We might want to revise that slightly, with a nod to the other side. Many supporters of the traditional Holocaust story, and many Jews, are convinced that anyone who speaks or writes about the inaccuracies of the Holocaust is fostering anti-Jewish sentiment, because Jews will be blamed for the inaccuracies. In this way, so the argument goes, Holocaust Revisionism is hate speech. This may be true under some circumstances, and we can provide an example of the kind of statement that might concern them, such as “The gas chambers of Auschwitz were a fiction created by Zionists to extract money”, which, according to the standard definitions, is a clear-cut expression of Holocaust “Denial.”
Yet there are two things going on in that statement. The first is a statement about Auschwitz, the second is a statement about Zionists, and, presumably, Jews.
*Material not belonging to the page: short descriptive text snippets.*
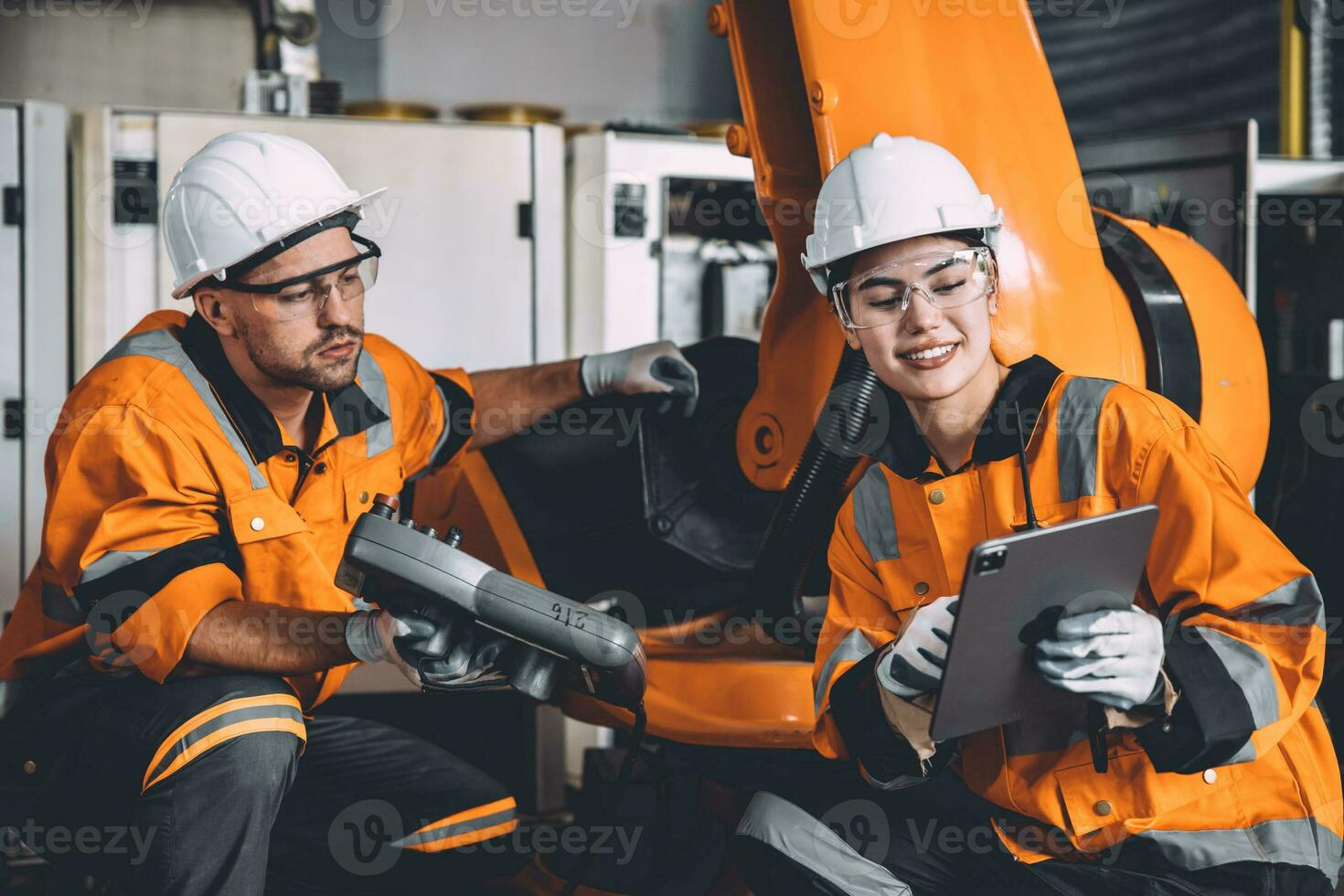 Happy engineer team working in modern automation factory with welding robot arm control training operation. women worker machine learning industry technology photo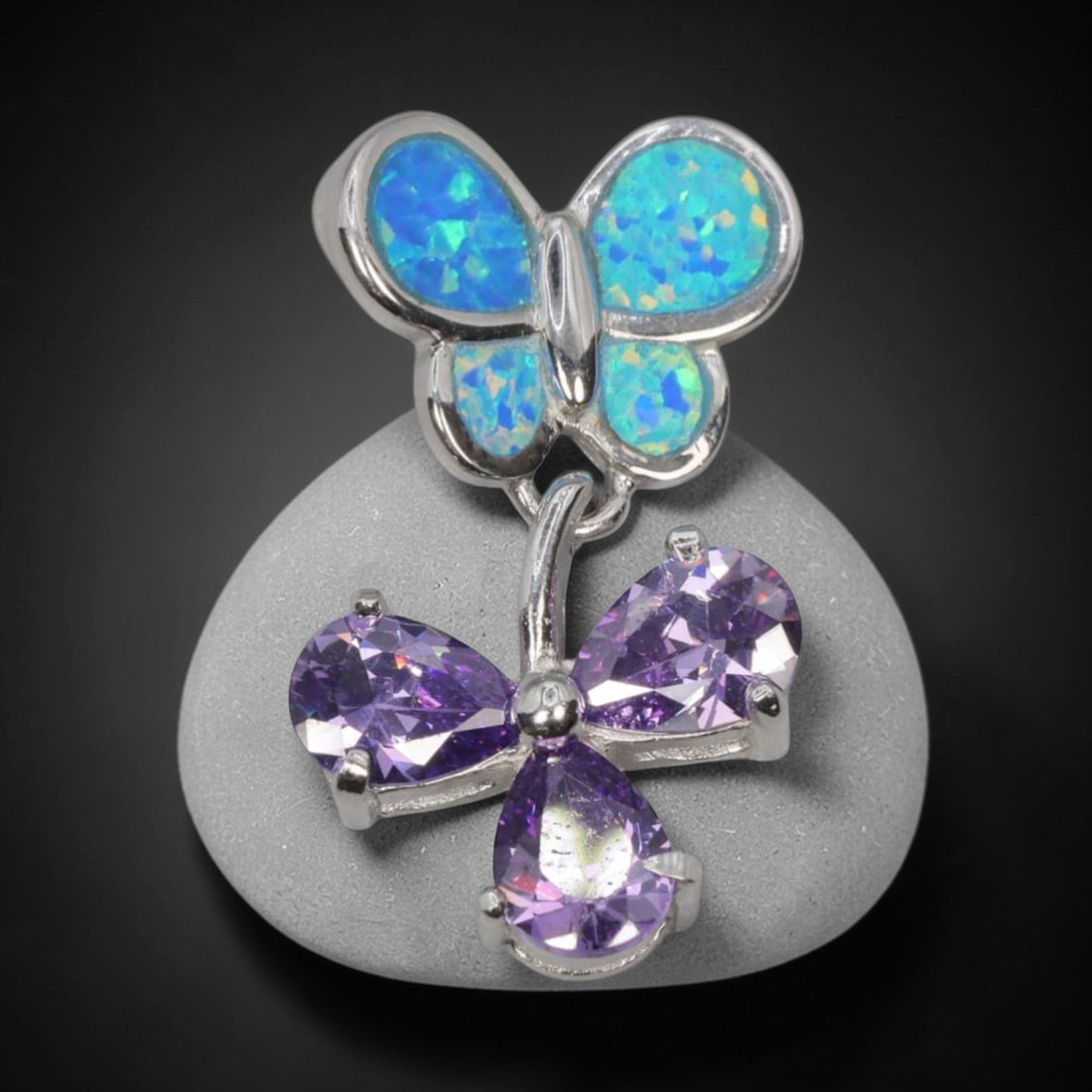 3.36g 925 Sterling Silver Butterfly Pendant - Simulated Opal Amethyst, 46D: Crafted from stamped 925 sterling silver, this pendant features a dual-butterfly design with polished openwork detailing. The upper butterfly is inlaid with four segments of simulated opal, displaying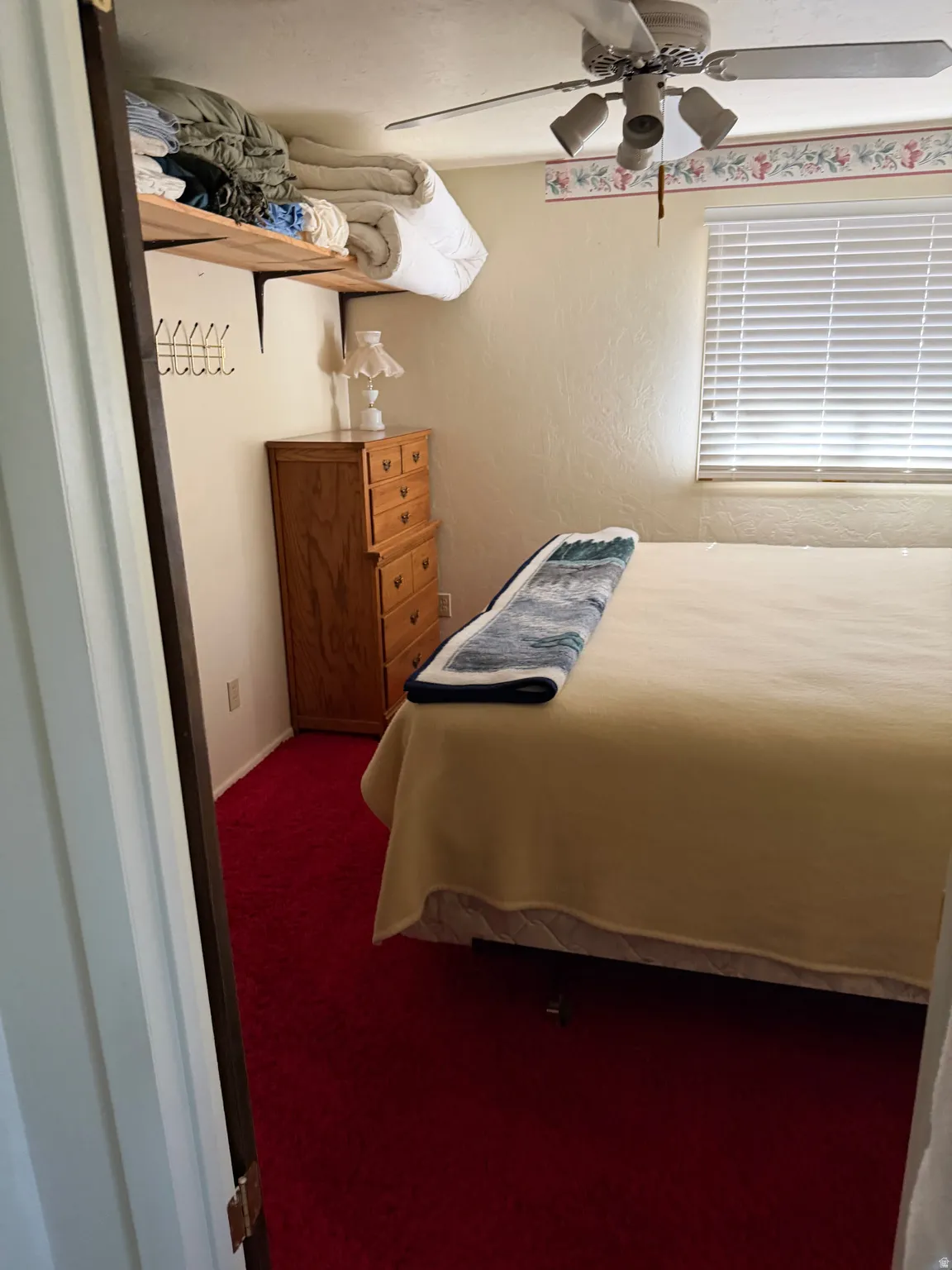 Recessed window with blinds, ceiling fan with integrated lighting, wood-finish shelving, and wall-to-wall carpeting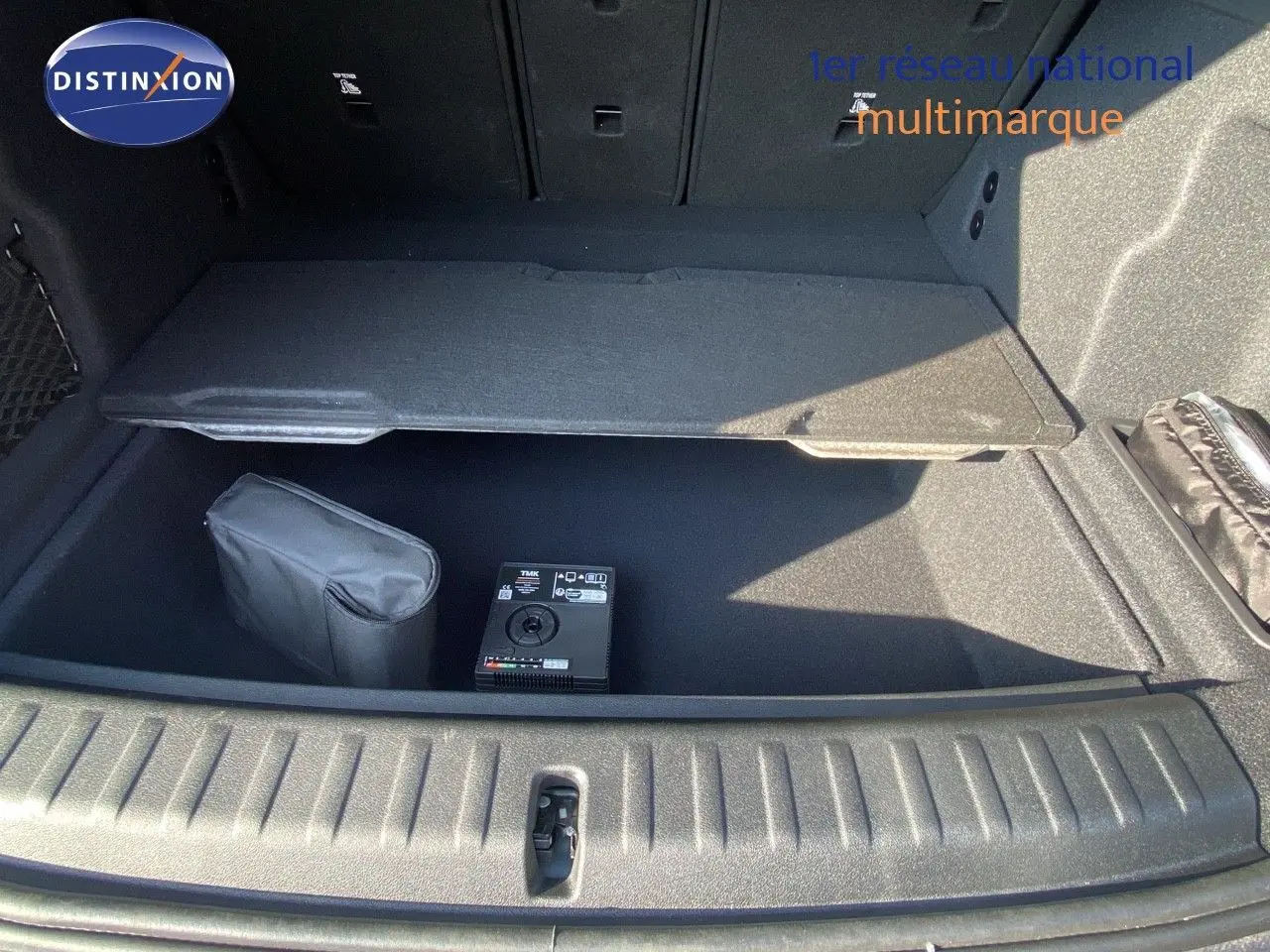 Coffre ouvert du BMW X1 18I bleu Phytonic Metal, montrant le rangement sous plancher avec kit de réparation pneus.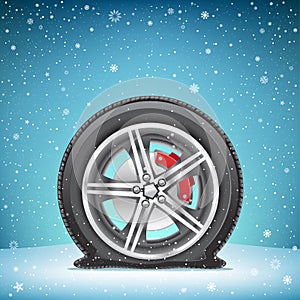 Winter flat tire on snow background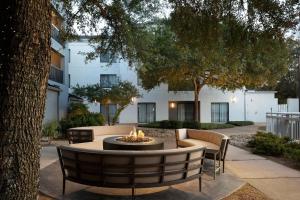 a fire pit in the courtyard of a building at Courtyard by Marriott- Austin Round Rock in Round Rock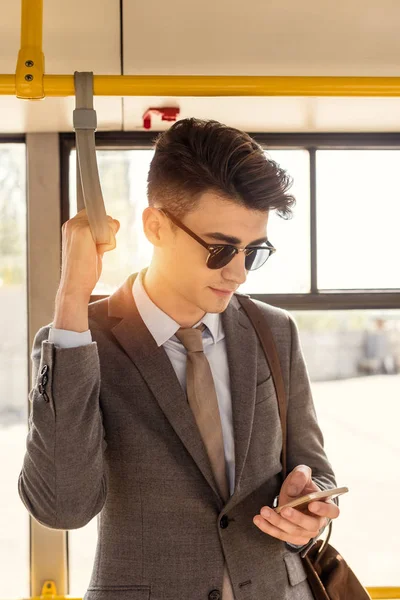 Hombre usando smartphone en autobús urbano - foto de stock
Under current laws, the first part of that statement alone would, ostensibly, be a crime. That is the problem. The second part of the statement, concerning Zionists, may or may not rise to the level of hate speech, but it is certain that in the minds of many Jews it will be perceived as such. To be sure, it would be better for the civic health of Germany and Europe for both statements to be covered by freedom of speech laws. But if, in fact, the laws are really meant to prohibit the second half of that statement, then they should be explicit on that score, so that free speech advocates would at least know what they were fighting against.
A good example could be given that indicates the actual mind-set of the Germans and Austrians. A few years ago, a German historian named Fritjof Meyer wrote an article, and a lengthy rebuttal, that was, in its essential points, indistinguishable from the position of David Irving, who is now serving a lengthy prison sentence in Austria for Holocaust Denial. For example, Meyer claimed in his article that the death toll at Auschwitz was in the low hundreds of thousands, that the famous 4,500 per day memo was a forgery, and that none of the crematoria were used for gassing inmates. However, Meyer also cloaked his observations with suitable trackbacks to Holocaust mavens like Robert Jan van Pelt, and with a pious and regretful meditation on the crimes done to the Jewish people, at Auschwitz and elsewhere. In other words, objectively speaking, Meyer “denied the Holocaust.” However, Meyer suffered absolutely no punishment whatsoever. From this we conclude that the crime of Holocaust Denial, as it exists on the statute books in Europe, is less about the substance of what one says, but rather about the form and means of expression.
The above example points to the other reason why the laws against Holocaust Revisionism are counter-productive. If the authorities are concerned about a rebirth of Nazism, then they should simply say so. If they are concerned about a rebuilding of anti-Jewish sentiment, then they should say so. On the other hand, by criminalizing any open discussion of the Holocaust they are actually encouraging, rather than discouraging, the growth of a corrosive suspicion and fear that the governments of Germany and Austria are dominated by foreign, and perhaps Jewish, interests, which in turn will also foment hatred.
Legal regulation of opinions always fails precisely because “Thoughts are Free”: they will not obey stop signs or attempts to tell them what to do. Removing these barriers on freedom of thought and expression in Europe is the best way for the circulation of long-repressed opinions and doubts, and the surest way to ensure the softening of extremist opinion on either side of the political spectrum, as it rubs shoulders with the mass of common sense which is the center of gravity for all social peace.
Thus the solution is, in some ways, a paradox: The best way to stop neo-Nazism, is to allow it. The best way to stop hate speech, is to ignore it. And the surest way to ensure that there are no more Holocausts, is to not pass laws against discussing them.